Solved: Re: Proc Means - Variable already exists on file

emikea · Posted 03-25-2014 09:36 PM

Hello. I frequently use Proc Means and the following code, which was working, is now giving me the following warning:

NOTE: Variable MARKET_EQUITY_RATIO_PD__StdDev already exists on file DSTATS.MARKET_BLOOMBERG_DAILY_C_D, using MARKET_EQUITY_RATIO_PD__StdDev2 instead.
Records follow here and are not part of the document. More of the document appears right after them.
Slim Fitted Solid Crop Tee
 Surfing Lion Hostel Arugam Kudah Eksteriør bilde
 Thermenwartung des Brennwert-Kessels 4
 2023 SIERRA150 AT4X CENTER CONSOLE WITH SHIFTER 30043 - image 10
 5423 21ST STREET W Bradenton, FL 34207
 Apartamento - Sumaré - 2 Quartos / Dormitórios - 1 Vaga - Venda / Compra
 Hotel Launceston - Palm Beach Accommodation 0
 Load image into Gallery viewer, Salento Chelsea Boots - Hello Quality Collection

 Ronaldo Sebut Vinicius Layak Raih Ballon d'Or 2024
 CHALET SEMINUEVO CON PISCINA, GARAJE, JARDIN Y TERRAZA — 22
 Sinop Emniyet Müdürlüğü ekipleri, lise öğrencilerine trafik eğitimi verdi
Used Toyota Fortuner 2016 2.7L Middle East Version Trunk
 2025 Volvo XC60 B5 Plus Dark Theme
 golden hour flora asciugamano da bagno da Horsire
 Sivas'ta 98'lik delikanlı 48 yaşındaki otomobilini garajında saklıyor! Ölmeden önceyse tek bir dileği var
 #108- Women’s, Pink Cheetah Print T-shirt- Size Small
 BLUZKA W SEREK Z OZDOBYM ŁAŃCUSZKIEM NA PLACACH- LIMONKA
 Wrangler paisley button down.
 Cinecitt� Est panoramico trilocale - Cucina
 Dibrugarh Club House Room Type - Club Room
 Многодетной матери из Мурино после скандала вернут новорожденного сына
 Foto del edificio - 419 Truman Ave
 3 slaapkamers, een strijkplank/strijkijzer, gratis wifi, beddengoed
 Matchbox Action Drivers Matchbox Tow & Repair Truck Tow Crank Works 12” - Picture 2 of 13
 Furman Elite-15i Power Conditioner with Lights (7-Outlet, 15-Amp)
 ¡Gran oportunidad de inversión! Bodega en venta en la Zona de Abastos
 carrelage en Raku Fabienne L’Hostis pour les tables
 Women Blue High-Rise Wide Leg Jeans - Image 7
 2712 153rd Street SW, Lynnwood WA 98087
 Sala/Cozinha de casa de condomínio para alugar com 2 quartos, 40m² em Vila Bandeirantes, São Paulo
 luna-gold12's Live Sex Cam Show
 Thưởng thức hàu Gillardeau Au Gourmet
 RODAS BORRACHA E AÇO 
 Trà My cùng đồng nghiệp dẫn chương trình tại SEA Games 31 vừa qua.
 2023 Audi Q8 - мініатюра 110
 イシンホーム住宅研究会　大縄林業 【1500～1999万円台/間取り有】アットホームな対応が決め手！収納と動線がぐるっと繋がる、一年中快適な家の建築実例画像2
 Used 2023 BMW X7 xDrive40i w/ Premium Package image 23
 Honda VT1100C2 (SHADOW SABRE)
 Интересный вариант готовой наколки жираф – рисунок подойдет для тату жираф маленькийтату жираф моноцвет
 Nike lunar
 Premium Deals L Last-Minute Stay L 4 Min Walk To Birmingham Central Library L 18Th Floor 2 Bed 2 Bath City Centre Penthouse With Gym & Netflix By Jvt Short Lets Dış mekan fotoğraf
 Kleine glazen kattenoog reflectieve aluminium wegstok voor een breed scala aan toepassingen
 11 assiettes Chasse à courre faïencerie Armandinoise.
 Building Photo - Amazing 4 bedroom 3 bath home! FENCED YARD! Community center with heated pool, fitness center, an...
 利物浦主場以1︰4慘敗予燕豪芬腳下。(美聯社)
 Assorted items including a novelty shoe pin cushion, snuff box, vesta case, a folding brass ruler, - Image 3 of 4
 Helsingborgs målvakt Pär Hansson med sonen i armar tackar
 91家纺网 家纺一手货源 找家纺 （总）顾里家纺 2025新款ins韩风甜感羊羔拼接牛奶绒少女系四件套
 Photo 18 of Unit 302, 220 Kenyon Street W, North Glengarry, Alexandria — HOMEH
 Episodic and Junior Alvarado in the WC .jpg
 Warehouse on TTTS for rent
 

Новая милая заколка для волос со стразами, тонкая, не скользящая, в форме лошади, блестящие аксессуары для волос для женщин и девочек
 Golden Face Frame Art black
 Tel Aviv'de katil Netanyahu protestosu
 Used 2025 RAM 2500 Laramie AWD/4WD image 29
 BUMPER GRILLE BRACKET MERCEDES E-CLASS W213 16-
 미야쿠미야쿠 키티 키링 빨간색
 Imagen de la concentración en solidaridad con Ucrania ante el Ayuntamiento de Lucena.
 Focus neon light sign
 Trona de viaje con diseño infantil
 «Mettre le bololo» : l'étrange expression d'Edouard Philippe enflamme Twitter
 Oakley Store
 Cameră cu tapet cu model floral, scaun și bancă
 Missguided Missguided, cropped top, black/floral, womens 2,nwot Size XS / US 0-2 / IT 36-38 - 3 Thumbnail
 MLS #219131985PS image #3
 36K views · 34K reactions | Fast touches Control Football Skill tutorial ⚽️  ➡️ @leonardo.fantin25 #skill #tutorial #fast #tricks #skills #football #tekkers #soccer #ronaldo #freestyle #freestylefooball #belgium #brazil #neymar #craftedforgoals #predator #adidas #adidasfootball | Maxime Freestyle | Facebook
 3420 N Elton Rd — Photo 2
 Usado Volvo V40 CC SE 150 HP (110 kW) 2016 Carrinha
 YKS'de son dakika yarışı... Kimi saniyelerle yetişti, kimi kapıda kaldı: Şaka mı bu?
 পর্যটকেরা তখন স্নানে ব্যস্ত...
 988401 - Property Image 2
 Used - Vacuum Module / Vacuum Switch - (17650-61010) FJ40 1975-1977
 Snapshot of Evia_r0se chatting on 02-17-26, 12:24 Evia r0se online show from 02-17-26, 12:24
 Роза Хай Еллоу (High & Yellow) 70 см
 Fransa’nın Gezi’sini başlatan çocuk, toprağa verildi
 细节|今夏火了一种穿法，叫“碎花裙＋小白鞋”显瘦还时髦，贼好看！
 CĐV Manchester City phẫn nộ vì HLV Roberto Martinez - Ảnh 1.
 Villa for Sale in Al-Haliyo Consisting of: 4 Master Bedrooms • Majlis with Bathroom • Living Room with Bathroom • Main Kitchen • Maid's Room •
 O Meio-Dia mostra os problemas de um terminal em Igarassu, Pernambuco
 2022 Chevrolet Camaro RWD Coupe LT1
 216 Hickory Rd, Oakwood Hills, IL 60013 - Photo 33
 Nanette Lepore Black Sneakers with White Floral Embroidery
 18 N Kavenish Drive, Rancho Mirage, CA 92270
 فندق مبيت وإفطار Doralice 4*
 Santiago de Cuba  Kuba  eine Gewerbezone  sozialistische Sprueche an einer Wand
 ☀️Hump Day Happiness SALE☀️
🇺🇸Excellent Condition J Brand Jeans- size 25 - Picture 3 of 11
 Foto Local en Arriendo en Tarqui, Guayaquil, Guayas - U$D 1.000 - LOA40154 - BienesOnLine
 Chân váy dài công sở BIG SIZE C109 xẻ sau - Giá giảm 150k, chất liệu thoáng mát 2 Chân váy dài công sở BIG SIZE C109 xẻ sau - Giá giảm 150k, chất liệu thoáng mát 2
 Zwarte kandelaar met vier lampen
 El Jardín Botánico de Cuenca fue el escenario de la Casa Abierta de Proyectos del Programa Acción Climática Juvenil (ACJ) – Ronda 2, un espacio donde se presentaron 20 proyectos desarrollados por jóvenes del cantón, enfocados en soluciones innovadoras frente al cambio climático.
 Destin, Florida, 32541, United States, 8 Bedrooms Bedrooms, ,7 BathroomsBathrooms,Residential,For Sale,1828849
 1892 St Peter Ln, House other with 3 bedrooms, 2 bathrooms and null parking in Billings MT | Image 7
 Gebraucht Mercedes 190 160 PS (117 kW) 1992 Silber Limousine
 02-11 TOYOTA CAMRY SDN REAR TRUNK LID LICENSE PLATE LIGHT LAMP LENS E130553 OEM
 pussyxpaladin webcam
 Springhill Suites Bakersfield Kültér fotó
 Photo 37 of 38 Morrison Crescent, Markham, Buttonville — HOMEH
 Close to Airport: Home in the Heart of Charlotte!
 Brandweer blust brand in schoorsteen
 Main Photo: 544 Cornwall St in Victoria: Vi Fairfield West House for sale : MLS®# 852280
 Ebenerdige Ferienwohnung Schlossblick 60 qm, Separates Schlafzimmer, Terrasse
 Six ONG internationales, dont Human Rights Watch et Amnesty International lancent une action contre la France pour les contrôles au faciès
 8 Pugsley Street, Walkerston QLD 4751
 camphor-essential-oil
I have several variables that begin with that prefix (MARKET_EQUITY_RATIO_PD), and each one is giving me this note. However, it is only happening with the STDDEV variables that it is naming automatically. My variables aren't more than 23 characters long (before appending _STDDEV).

Any thoughts on what might be causing this problem?

%MACRO CREATE_DISTRIBUTION_DATA(INLIB = , DATASET_NAME = , FIELDS = );

PROC MEANS NOPRINT DATA = &INLIB..&DATASET_NAME.;

CLASS TICKER;

VAR &FIELDS.;

OUTPUT OUT = DSTATS.&DATASET_NAME._D

N(&FIELDS.) =

NMISS(&FIELDS.)=

P50(&FIELDS.)=

MEAN(&FIELDS.)=

P10(&FIELDS.)=

P25(&FIELDS.)=

P75(&FIELDS.)=

P90(&FIELDS.)=

STD(&FIELDS.)=

MAX(&FIELDS.)=

MIN(&FIELDS.)=

/AUTOLABEL AUTONAME;

RUN;

%MEND CREATE_DISTRIBUTION_DATA;

emikea · Posted 03-26-2014 08:15 AM

I found that when I shrunk the name of "Market_Equity_Ratio..." variables to "Mkt_Equity_Ratio...", the code works. Even though the original fields, when appended with _STDDEV, wouldn't be 32 characters long (which I thought was the limit), the fields were getting truncated. Anyway, it works with a shorter field name now. Perhaps there is some overhead when autoname is applied that is reserved for possible duplicate field names (even though I didn't have any in this case).

Thanks for taking a look.

View solution in original post

Reeza · Posted 03-25-2014 10:34 PM

Can you post a proc contents on your original dataset?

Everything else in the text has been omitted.